++++ Data to use ++++

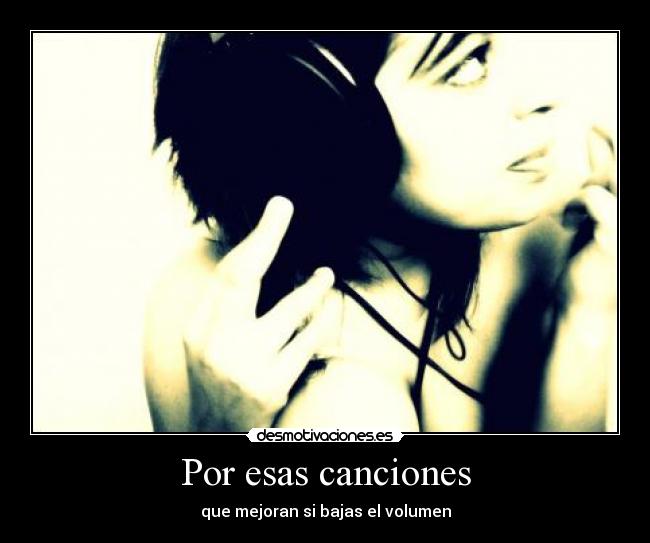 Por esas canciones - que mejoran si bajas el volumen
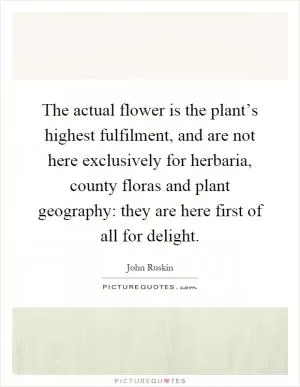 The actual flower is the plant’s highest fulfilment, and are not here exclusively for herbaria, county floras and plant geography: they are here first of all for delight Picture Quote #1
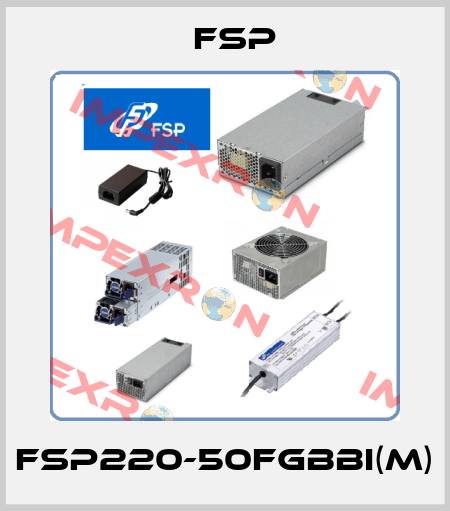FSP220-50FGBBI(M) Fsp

++++
++++ Data to use ++++

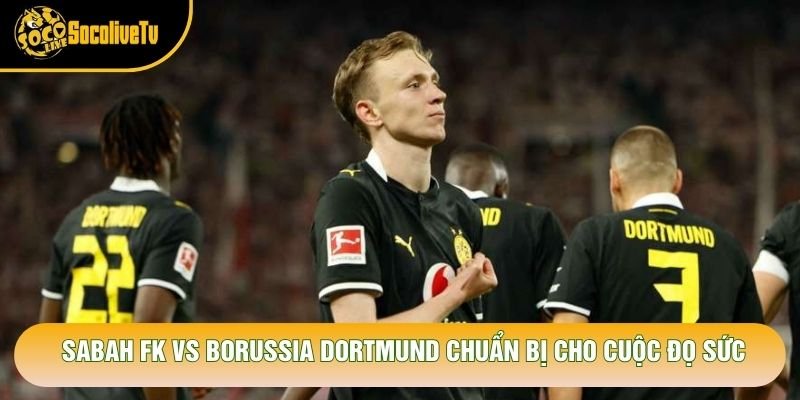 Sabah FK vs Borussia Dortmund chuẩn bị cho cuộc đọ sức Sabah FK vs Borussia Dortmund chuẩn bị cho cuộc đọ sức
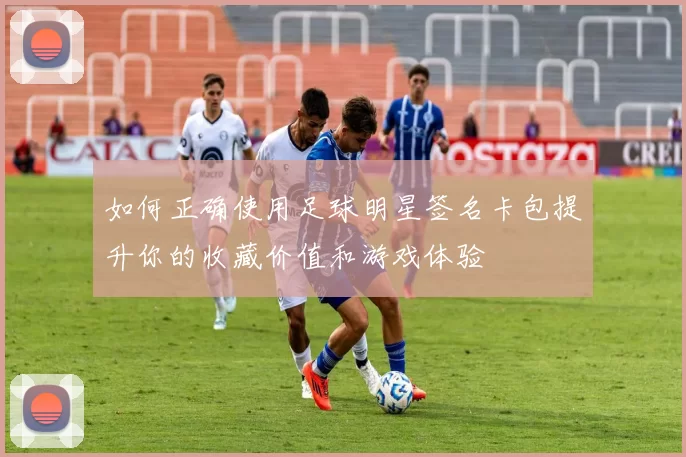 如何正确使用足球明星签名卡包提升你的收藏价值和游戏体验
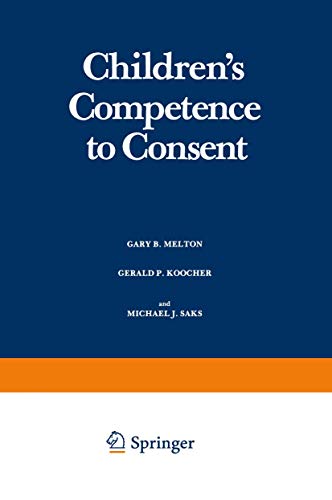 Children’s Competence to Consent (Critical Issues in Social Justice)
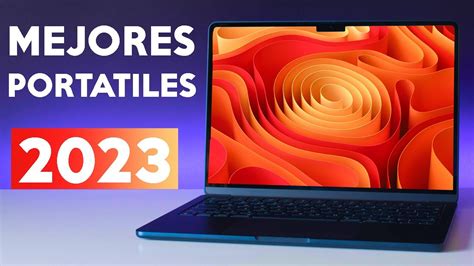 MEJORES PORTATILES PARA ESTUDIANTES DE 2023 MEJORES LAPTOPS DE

++++
++++ Data to use ++++

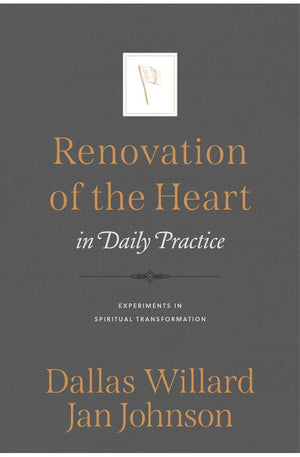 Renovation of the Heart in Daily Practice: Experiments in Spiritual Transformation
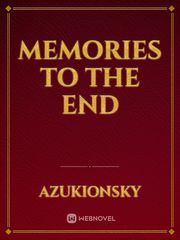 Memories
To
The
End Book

++++

__Activity__: Though the entries above contain pictures, none should be copied; reproduce only the lines between the one holding "Por esas canciones" and the one holding "FSP220-50FGBBI(M) Fsp", inclusive, exactly as written.

__Written response__:
 Por esas canciones - que mejoran si bajas el volumen
 The actual flower is the plant’s highest fulfilment, and are not here exclusively for herbaria, county floras and plant geography: they are here first of all for delight Picture Quote #1
FSP220-50FGBBI(M) Fsp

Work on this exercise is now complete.